Lessons From The Jet Set

“What really makes me feel successful is being able to use my life in service to someone else’s,” Oprah Winfrey noted in her 2009 commencement remarks at Duke.

She then noted:

“And it is really fantastic to have your own jet, and anybody who says it isn’t is lying to you. That jet thing is really good.”

While jet ownership is doubtlessly fantastic — especially Oprah’s jet, which we imagine is full of her favorite things — the vast majority of people will never quite be that successful. However, a somewhat less rarefied consumer class of business and leisure travelers rent the fantastic private jet experience, with the help of businesses like Skyjet.

“We’re first and foremost a private jet company,” noted Skyjet President Greg Richman. “We started as a private jet operator. We work with pilots. I’m a pilot myself. Our basic focus is aviation at all times.”

And while the consumer class for chartered private jet travel is somewhat more crowded than the one Oprah resides in, it is by no means a mass consumer good. Sessions are priced in thousands and often tens of thousands of dollars.

This might lead one to conclude that there is not much in the way of things to be learned from private jet travel for a general retail audience. After all, private jets don’t serve the general consumer.

But PYMNTS’ recent conversations with Skyjet’s Richman might just persuade you otherwise, since most of the lessons Skyjet has learned while it has grown and evolved with its marketplace over almost two decades has led them to conclude that how you sell is as important as what you sell.

“Whether you are accessing private jets or accessing a pizza, the customer is trying to access what they want as quickly and seamlessly as possible. That’s true if they are calling, ordering on the Web or using an app.”
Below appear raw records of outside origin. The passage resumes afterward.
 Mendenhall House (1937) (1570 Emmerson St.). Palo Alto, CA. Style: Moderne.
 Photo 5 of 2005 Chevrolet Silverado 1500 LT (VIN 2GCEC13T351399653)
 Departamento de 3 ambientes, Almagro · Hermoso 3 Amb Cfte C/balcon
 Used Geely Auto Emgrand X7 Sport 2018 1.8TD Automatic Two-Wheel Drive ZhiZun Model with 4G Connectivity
Accessing a private jet is both more complex and riskier than accessing a pizza. Like many luxury goods, private jet charters can attract fraudsters, and the marketplace has been slow to advance in some segments.
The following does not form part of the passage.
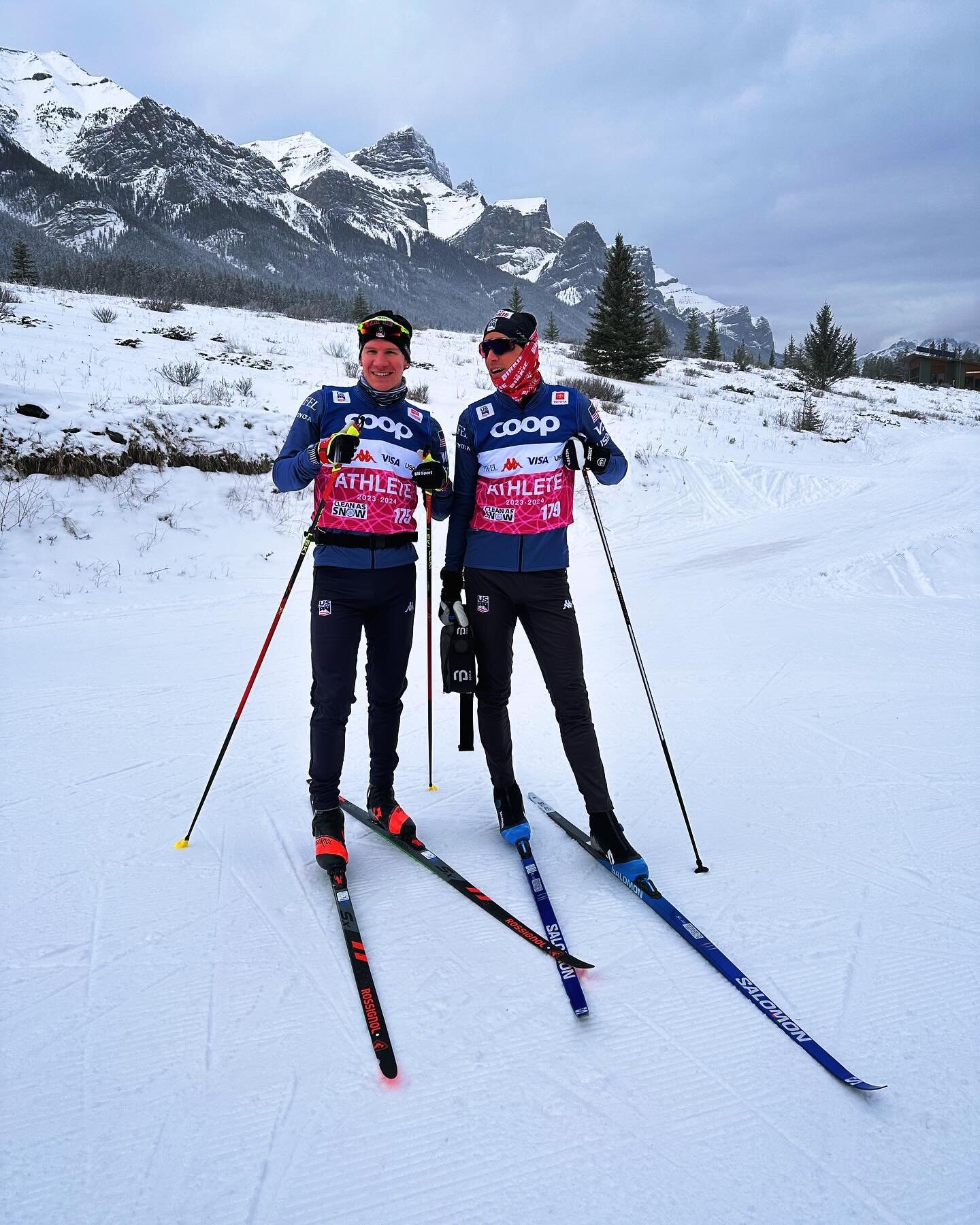 It&rsquo;s time for some World Cups in North America 🤩 Skate Sprint Saturday &amp; Classic Sprint Tuesday &mdash; let&rsquo;s go! 🚀
&bull;
📷: @rganderson 
#teambirkie #stifelusskiteam #oakleyskiing #xcskiing #anotherbestday #canada #canmore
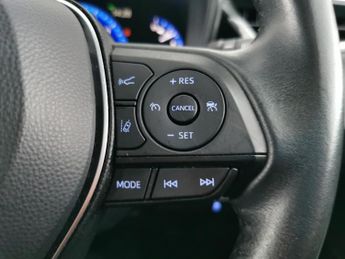 Toyota Corolla 1.8 VVT-h GPF Design CVT (122 ps) - LED - REVERSE CAM - NAV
“We started in 1997 as the first online quoting system for private jets,” Richman noted. “We actually have an active patent for connecting those flights, and we have been arranging private jet charters for both leisure and business travelers as seamlessly as possible since then.”

“The charter market today is entirely fragmented, and often in order to secure jets, a consumer will have to call in, have to use a credit card and then have to take the extra step of copying the front and back of the card and faxing it,” Richman noted.
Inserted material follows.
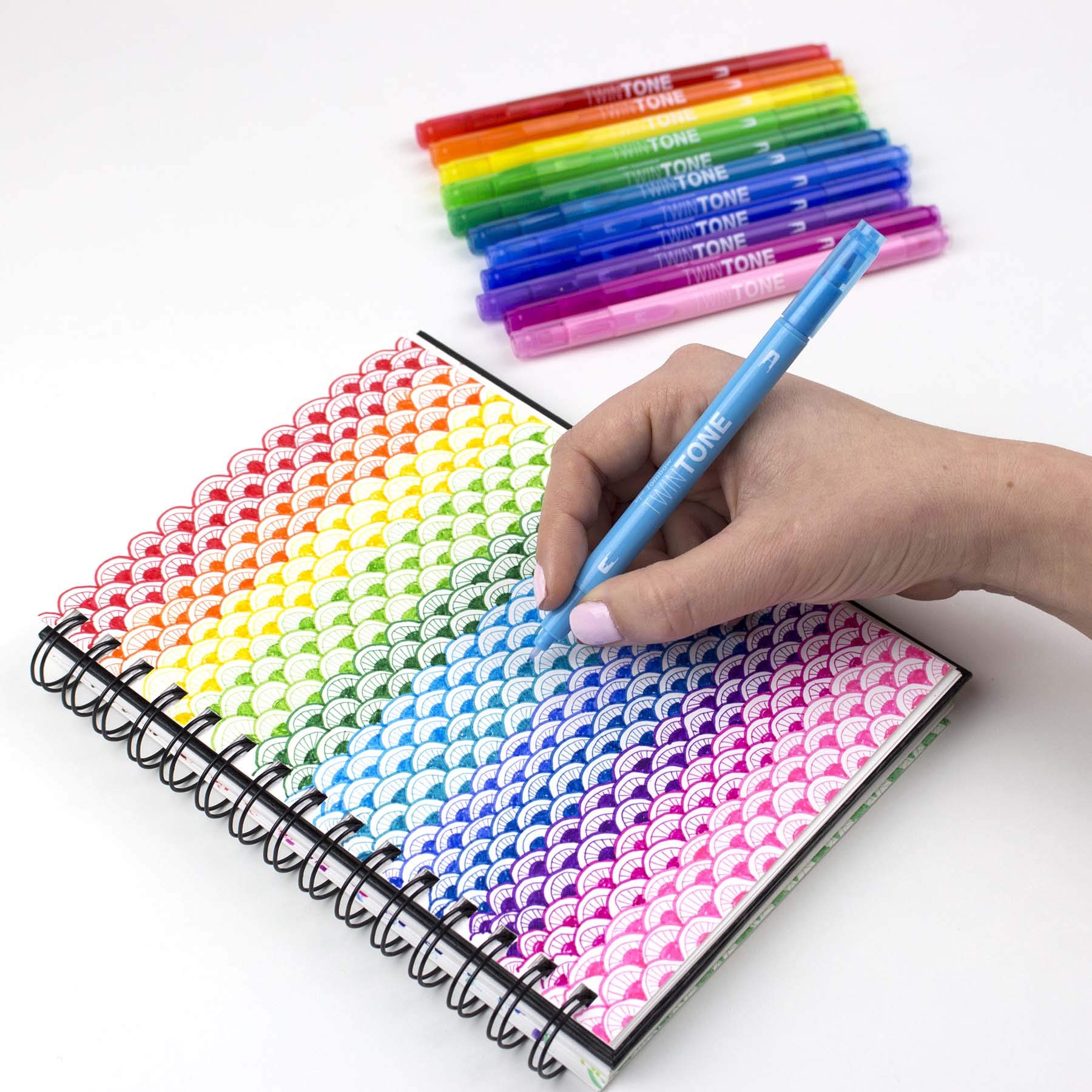 額つき❗しあわせのトンボ Amazon | トンボ(Tombow) ツイントーンマーカーセット レインボー 12本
That has been the inefficiency the firm has been trying to fix — first through an online (and optimized for mobile) website that makes it easier to quote and book flights online. More recently with the launch of an iOS app. The new app will allow customers to do something that has so far been impossible on mobile for the firm: book and pay for their chartered flight using Apple Pay.

“Since mobile really started becoming important for our business and leisure customers, it has been been the vision for some time to allow customers to leverage that to secure a jet really quickly and safely with just the tap of your thumb,” Richman noted. “But Apple Pay with the bio-authentication [and tokenization] was the first product that really made it possible.”

The new app and tie-in with Apple Pay, Richman explained, is just an expansion of the company’s main mission.

“Our business is about split 50-50 between leisure and business users. Although we have technologically upgraded with the app, the infrastructure and the payments-centered experience, we are one of the largest private jet companies working in the U.S. right now,” Richman noted. “We’re not a technology company. We use technology to reach the maximum number of people that we possibly can with great customer service.”

Private jets are not an easy line of work to be in. Often Skyjet finds itself juggling bookings that involve multiple city stops in a single day — sometimes with rather short notice. And different clients, Richman added, want different things. Some users, he said, fully expect to continue booking travel over the phone — while corporate users fully expect to do business via an app and its multiple travel management capabilities.

“Every trip is different and unique, and we treat each trip as a though it is a performance. We have to make sure that we are always able to change with different city pairs because it is customized,” Richman said. “Customization is a challenge, and getting a jet with the tap of the finger is just the beginning of the job for us.”

It is a job they are facing more competition from these day — especially as an increasing number of up-and-comers to the marketplace are looking to solve the fragmentation in the market by Uberizing it with a flexible online/mobile booking platform.

“It’s a highly competitive and growing market, and there are lots of startups. I think this is a good thing because it innovates; it allows our industry to grow and change,” Richman noted.

And ultimately he is not worried. The technology part of the platform and the seamlessness in browsing and payment are important, according to Richman, and are becoming more so with startups creeping in and looking to disrupt. But Skyjet also runs and specializes in the second part of the experience — the trip itself, often the harder part to master and not a skill the firm picked up overnight. And, he thinks, the advances in tech can only make them better at delivering on all parts of the experience.

“We really think this market is going to continue to grow, and we want to be the forefront leaders of taking private jet aviation to the next level. With Apple Pay and we making it accessible at the tap of your thumb, how simple is that.”